Image-text web data:
=======

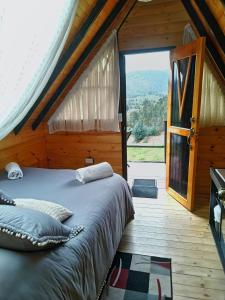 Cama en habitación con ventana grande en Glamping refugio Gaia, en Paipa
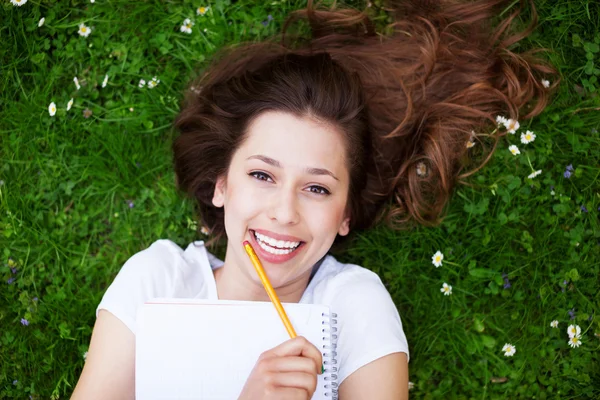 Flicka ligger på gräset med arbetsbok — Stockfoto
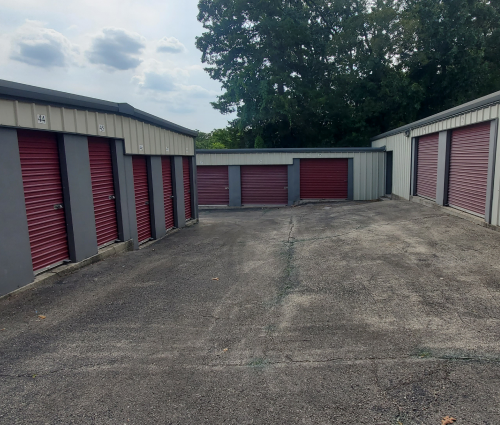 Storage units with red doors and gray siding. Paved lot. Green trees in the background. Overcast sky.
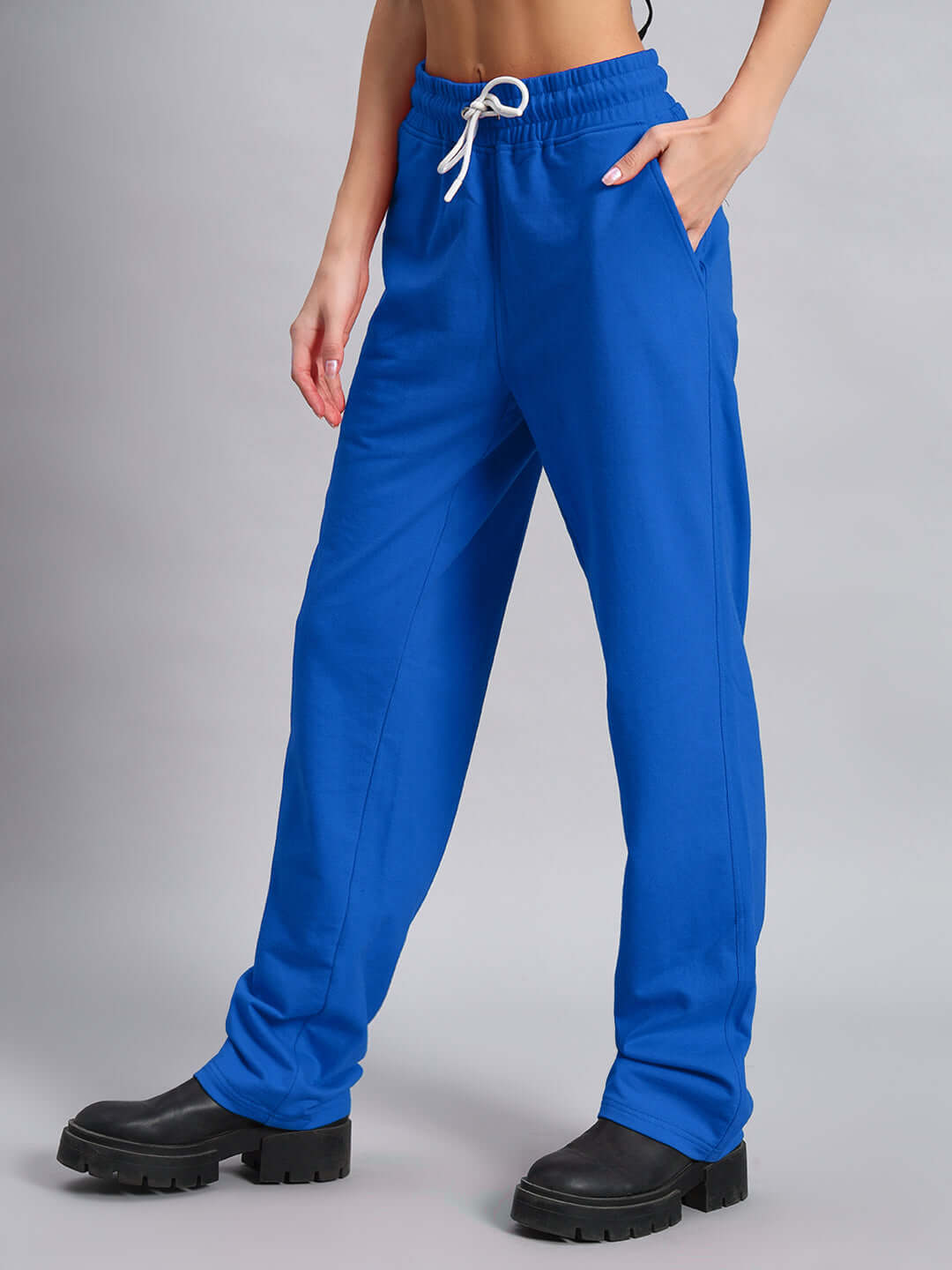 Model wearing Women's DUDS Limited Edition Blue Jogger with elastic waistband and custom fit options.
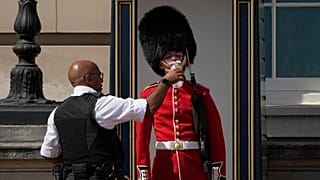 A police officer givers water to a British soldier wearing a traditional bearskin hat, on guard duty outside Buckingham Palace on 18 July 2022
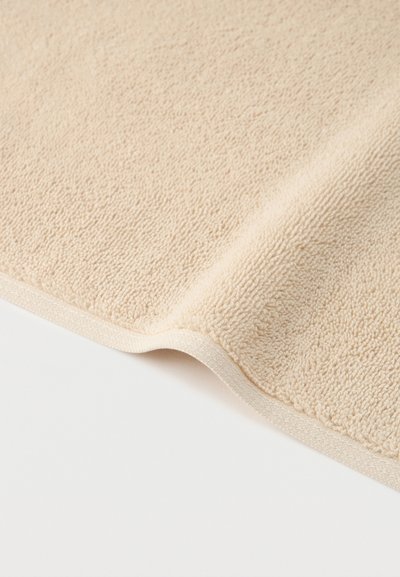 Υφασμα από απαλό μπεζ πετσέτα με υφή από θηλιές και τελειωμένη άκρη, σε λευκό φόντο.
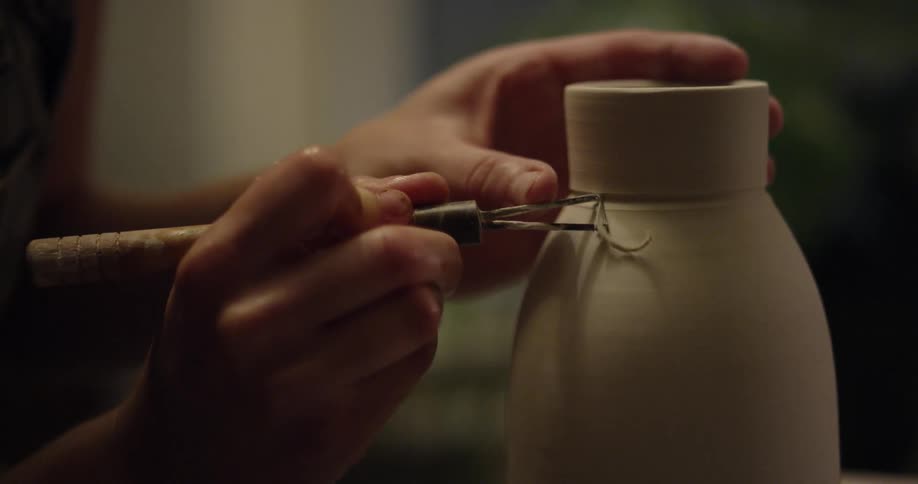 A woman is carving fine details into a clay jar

=======

INSTRUCTIONS FOR THE TASK:
The records above are to be transcribed word for word. Skip the images.

TASK RESULT:
 Cama en habitación con ventana grande en Glamping refugio Gaia, en Paipa
 Flicka ligger på gräset med arbetsbok — Stockfoto
 Storage units with red doors and gray siding. Paved lot. Green trees in the background. Overcast sky.
 Model wearing Women's DUDS Limited Edition Blue Jogger with elastic waistband and custom fit options.
 A police officer givers water to a British soldier wearing a traditional bearskin hat, on guard duty outside Buckingham Palace on 18 July 2022
 Υφασμα από απαλό μπεζ πετσέτα με υφή από θηλιές και τελειωμένη άκρη, σε λευκό φόντο.
 A woman is carving fine details into a clay jar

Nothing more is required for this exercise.